■ Work item ■
For this exercise, return only the lines in the records below from the one holding "Jan Vanderstorm Muskelshirt" through the one holding "Cremallera/Caja de Dirección", including both, exactly as they appear and without pictures.

■ Data for processing ■
<<<<

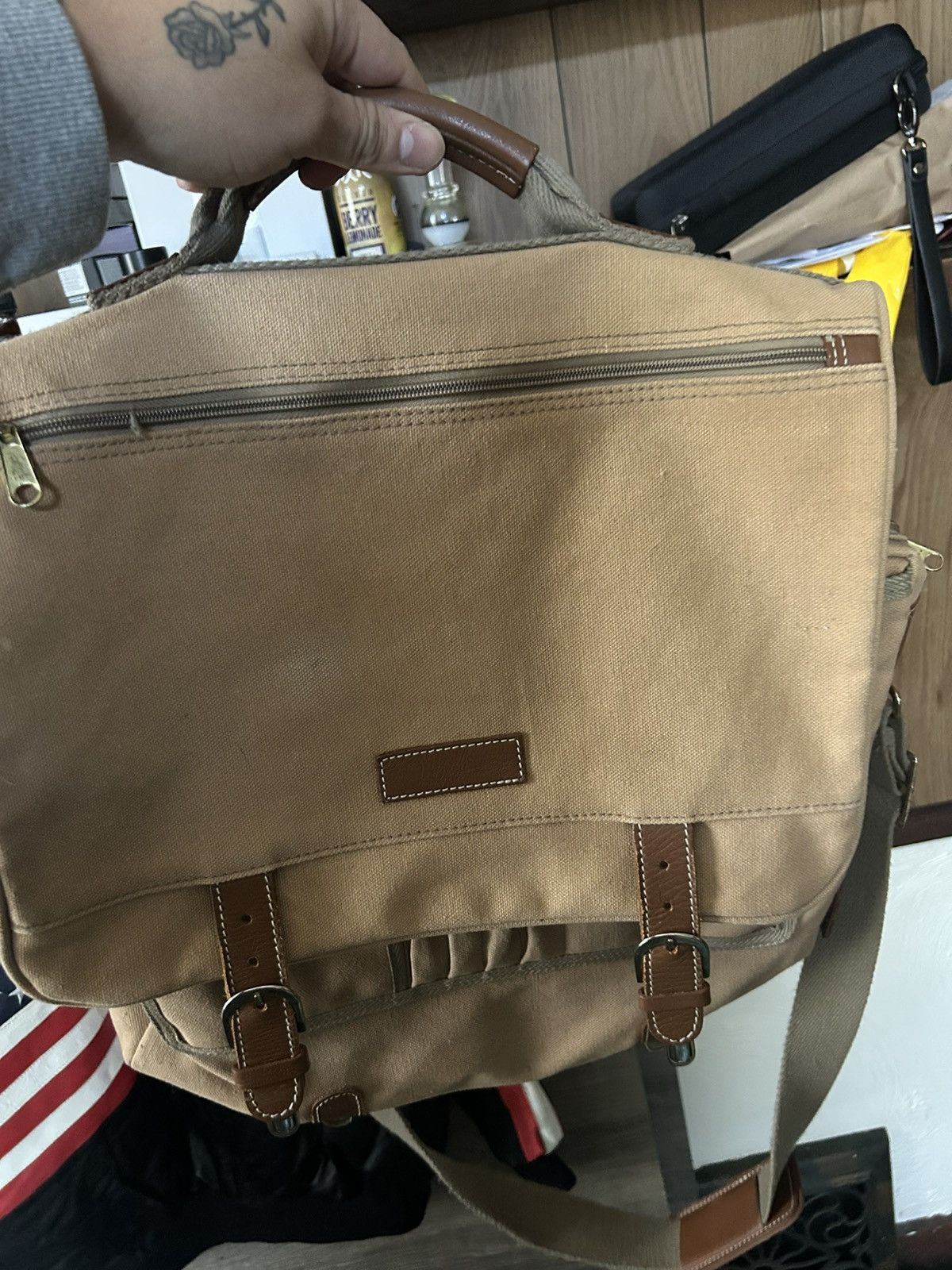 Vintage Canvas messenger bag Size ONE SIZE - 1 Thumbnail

>>>>
<<<<

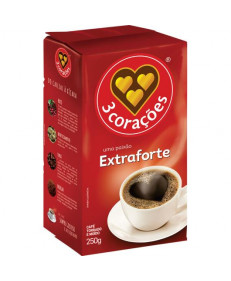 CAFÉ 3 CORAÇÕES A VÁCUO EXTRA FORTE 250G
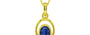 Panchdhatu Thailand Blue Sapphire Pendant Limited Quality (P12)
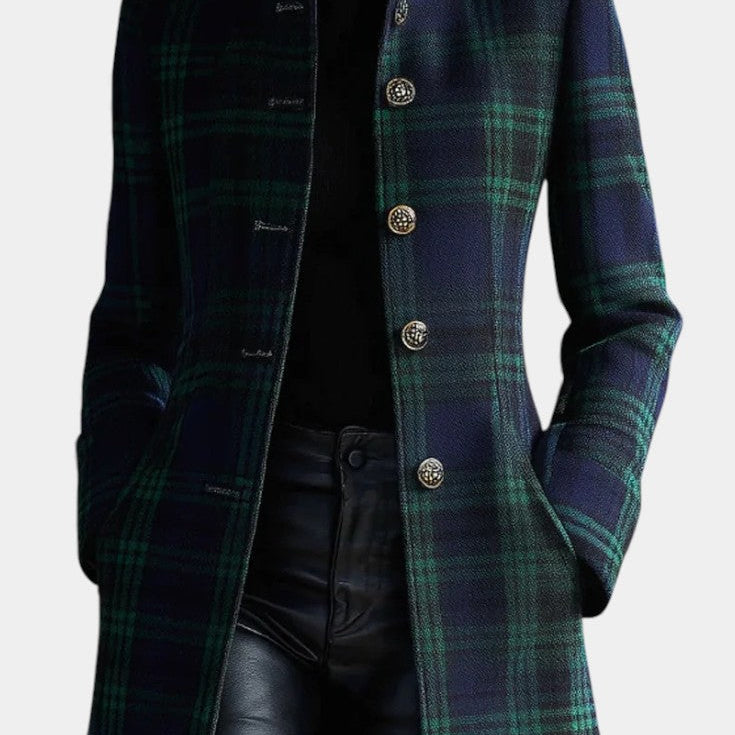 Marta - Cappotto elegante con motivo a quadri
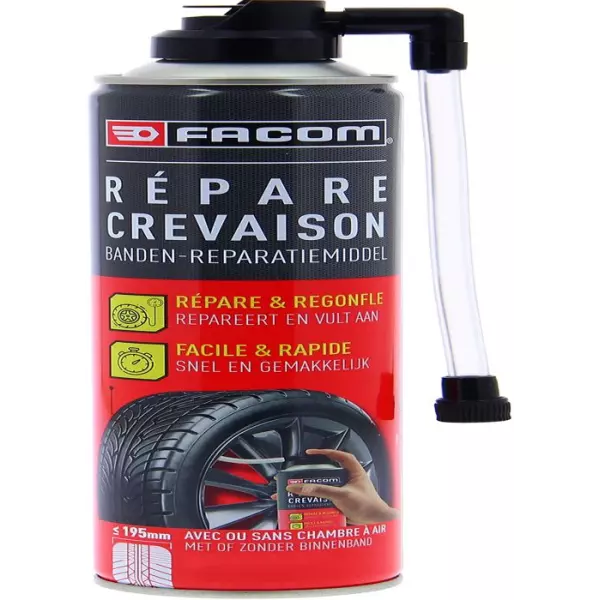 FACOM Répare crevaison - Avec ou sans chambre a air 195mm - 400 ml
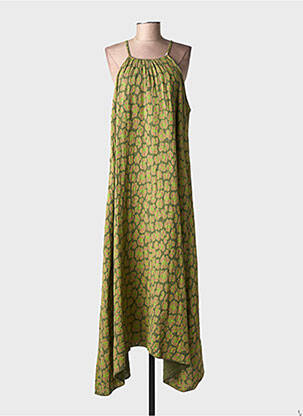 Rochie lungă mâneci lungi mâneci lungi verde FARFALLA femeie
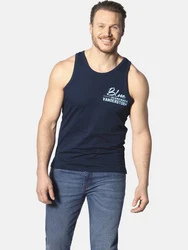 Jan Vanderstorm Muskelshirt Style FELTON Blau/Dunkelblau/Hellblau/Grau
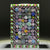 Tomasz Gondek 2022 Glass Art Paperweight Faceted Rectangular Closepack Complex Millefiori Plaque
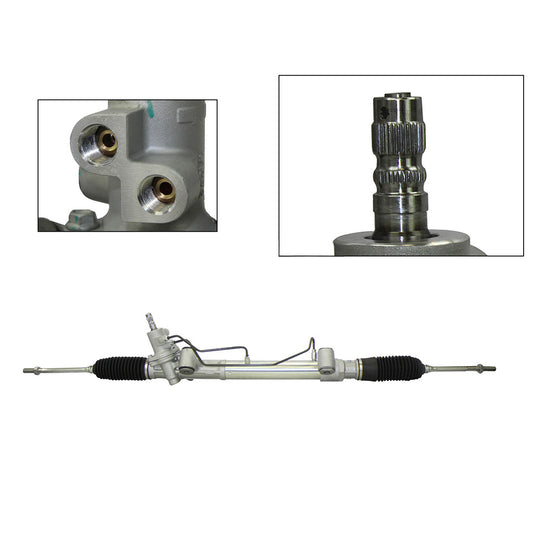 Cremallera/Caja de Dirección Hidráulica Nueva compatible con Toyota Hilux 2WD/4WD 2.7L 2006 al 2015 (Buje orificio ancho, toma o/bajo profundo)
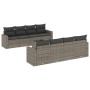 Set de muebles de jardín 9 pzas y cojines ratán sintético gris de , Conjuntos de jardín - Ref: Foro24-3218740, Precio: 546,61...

>>>>

■ Result of this exercise ■
 Jan Vanderstorm Muskelshirt Style FELTON Blau/Dunkelblau/Hellblau/Grau
 Tomasz Gondek 2022 Glass Art Paperweight Faceted Rectangular Closepack Complex Millefiori Plaque
 Cremallera/Caja de Dirección Hidráulica Nueva compatible con Toyota Hilux 2WD/4WD 2.7L 2006 al 2015 (Buje orificio ancho, toma o/bajo profundo)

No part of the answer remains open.